Toutefois, en dépit de la dépendance du traducteur à l’égard du dictionnaire, l’état de la question sur les relations entre les traducteurs et la lexicographie se fait assez rapidement. Il existe très peu de travaux qui se soient penchés spécifiquement sur la relation qui existe entre le traducteur et le dictionnaire. Le problème n’est guère abordé en tant que tel, pas même dans des ouvrages dont l’objet est de donner une vision panoramique des récentes avancées en traductologie. Ainsi, la très complète Encyclopedia of Translation Studies de Mona Baker (1998/2004) ne compte aucun article dédié au dictionnaire, à la lexicographie ou à la lexicologie, et aucun de ces trois mots n’apparaît d’ailleurs dans l’index. On s’étonne, en outre, de ce que le mot dictionnaire ne se rencontre que rarement dans le corps du texte. Ceci en ce qui concerne les traducteurs. Qu’en est-il des lexicographes ?

1. Les lexicographes

Du côté de la lexicographie bilingue, le bilan paraît plus mitigé. La traduction est l’occupation quotidienne des lexicographes bilingues et ils ont à tout moment conscience de leur statut de traducteurs. On serait, par conséquent, tenté de penser que le lexicographe bilingue aurait plus conscience des dangers que comporte son acte traductionnel, que le traducteur des dangers que comporte l’utilisation du dictionnaire.
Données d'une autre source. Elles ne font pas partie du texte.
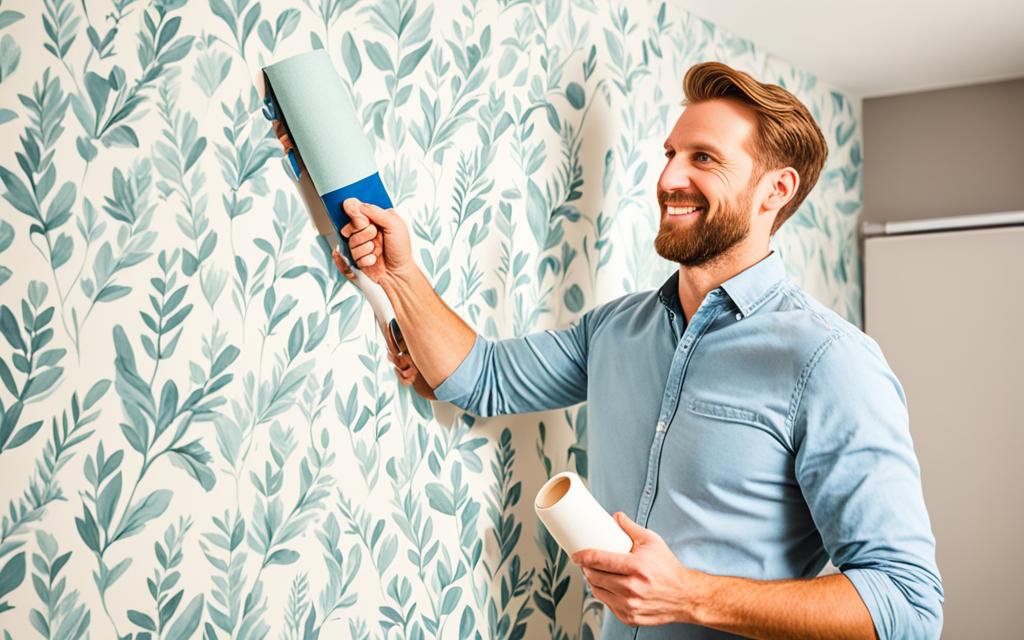 Cum Se Aplică Tapetul Autoadeziv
Néanmoins, et à n’en pas douter, le statut de traducteur attribué au lexicographe fera sourciller plus d’un traductologue. Il ne fait pourtant pas de doute que le lexicographe bilingue, qui fait le pont entre deux langues, est un traducteur, ne serait-ce que d’une façon un peu particulière.

Avant de poursuivre notre raisonnement, il pourrait être utile de faire la distinction entre la traduction de mots (isolés) et la traduction de phrases, fait qui oppose le lexicographe au traducteur « traditionnel ». Quant à la traduction de phrases, il conviendrait de séparer les séquences de mots plutôt figées de celles qui n’obéissent qu’à des contraintes grammaticales : d’un côté, nous trouvons les proverbes et les expressions idiomatiques et, de l’autre, les exemples dits « libres ». Nous appelons « libres » les exemples librement composés par le lexicographe/rédacteur et, ensuite, librement traduits par le lexicographe/traducteur.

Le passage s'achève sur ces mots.